That is exactly why I was cautious to buy into Sokol's theory at first. After discussing with a native who was very adiment that it is just a variant of [ʒɛ] I am reaonably convinced now that it is not a German loanword.


----------



## Outsider

Thanks; that certainly makes a lot of sense. In Portuguese, too, it's common to say "it is" meaning "yes".


----------



## berndf

Outsider said:


> Thanks; that certainly makes a lot of sense. In Portuguese, too, it's common to say "it is" meaning "yes".


To make sure there is no misunderstanding.
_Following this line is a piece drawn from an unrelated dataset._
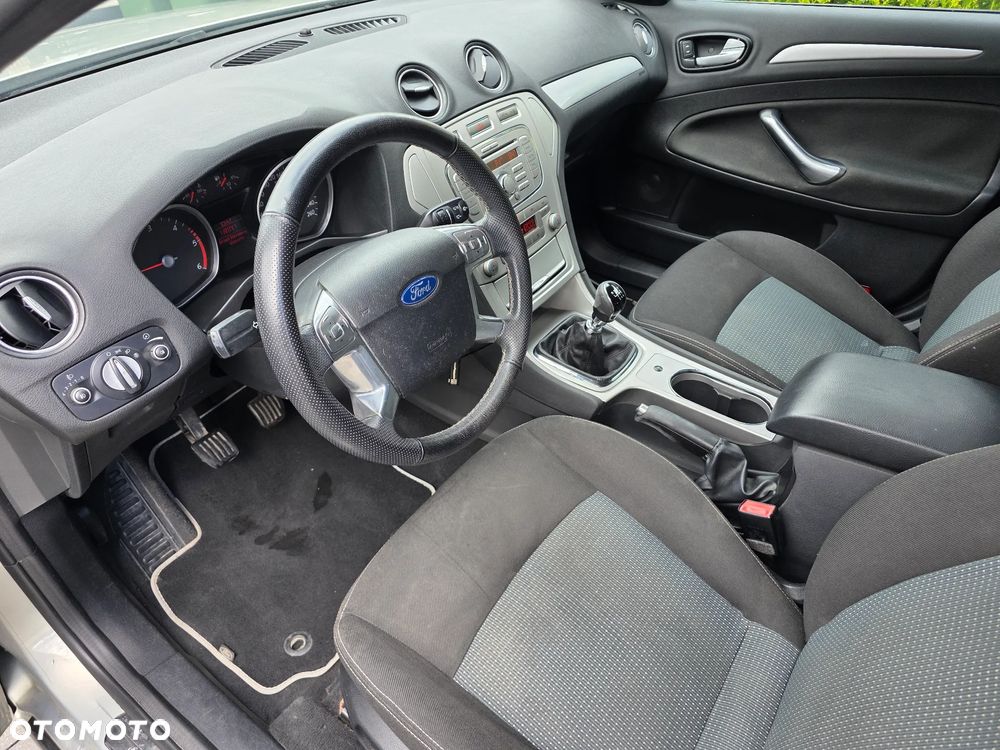 Ford Mondeo - 10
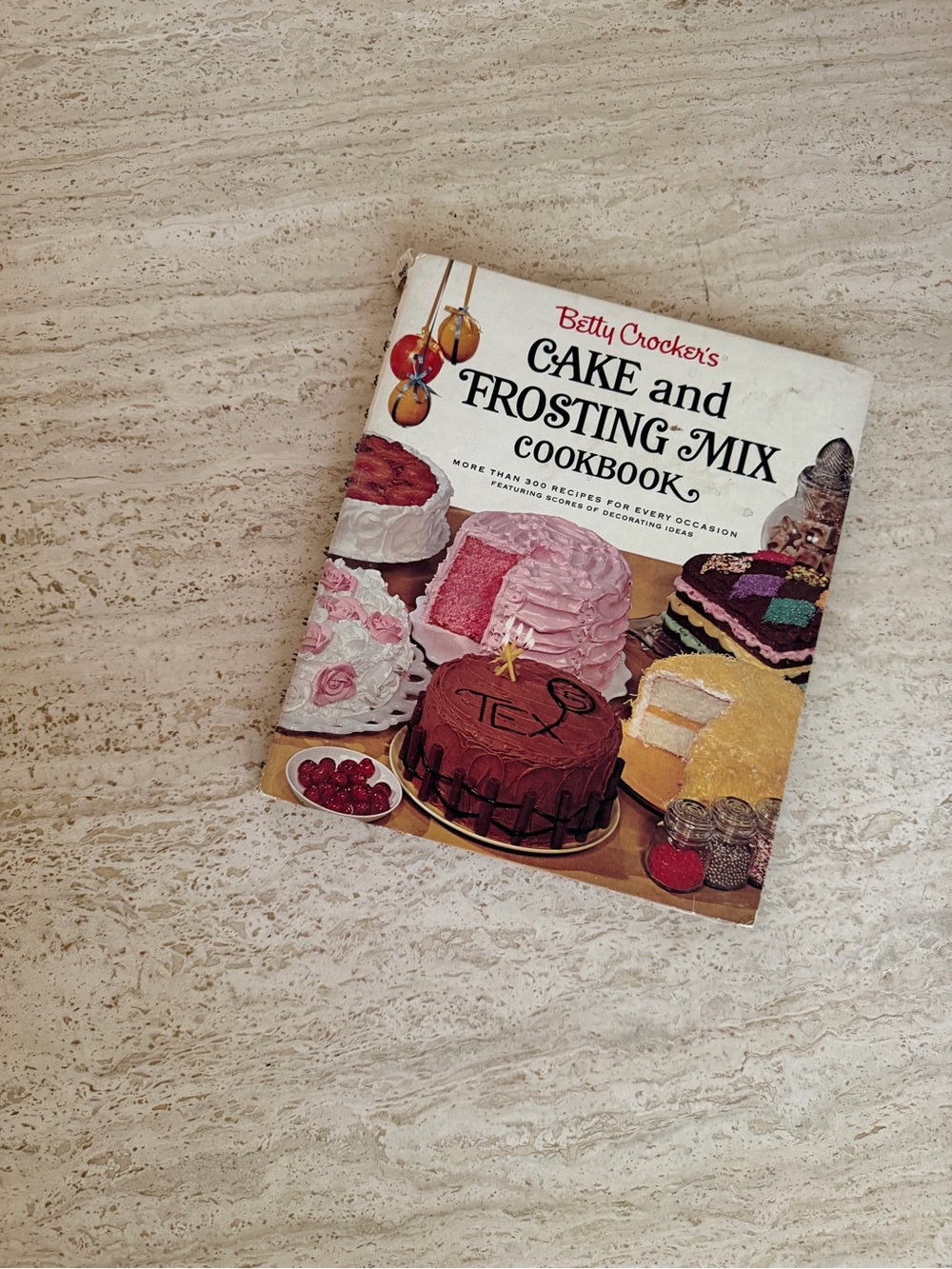 Vintage Betty Crocker Cake and Frosting Mix Cookbook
I was referring to





sokol said:


> Anyway: in that case I think we should at least keep the possibility in mind that /gea/ simply _could _go back to /si/.


This is what I believe now. You find [ʃi] and [ʃɛ] in Ladinic/Rumantisch dialects which I would assume to be derived from /si/ as [s]> [ʃ] is typical for Rumantsch. [ʒi] or [ʒɛ] are plausible variants.


----------



## sokol

After some thinking about it: it is possible, even quite likely that an original [ʒɛ] for (probably) all Rumantsch dialects has been _motivated _by German "ja" to change to [ʒa] - that is, no loan (= originally Romance etymology) but influence of German to move [ɛ]towards [a].
For that however pronunciation of "ja" in Bündnerdeutsch also would be relevant; I don't know how it's pronounced in the German dialects there, and if it were /jo/ (with half-open /o/) and not /jɒ/ or /jɑ/ then such an influence would be less likely.
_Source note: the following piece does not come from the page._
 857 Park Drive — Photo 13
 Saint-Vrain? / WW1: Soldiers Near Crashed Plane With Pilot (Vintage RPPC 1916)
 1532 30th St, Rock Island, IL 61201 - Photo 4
Such influences - that is, convergence of two languages in bilingual regions - aren't uncommon at all especially in cases like Graubünden where people were bilingual for centuries. Sometimes such influence isn't much more but to "move preferences" - that is, in case two varieties [ʒɛ] and [ʒa] exist to make [ʒa] more frequent = the variety having a vowel in common with German (= the second language spoken).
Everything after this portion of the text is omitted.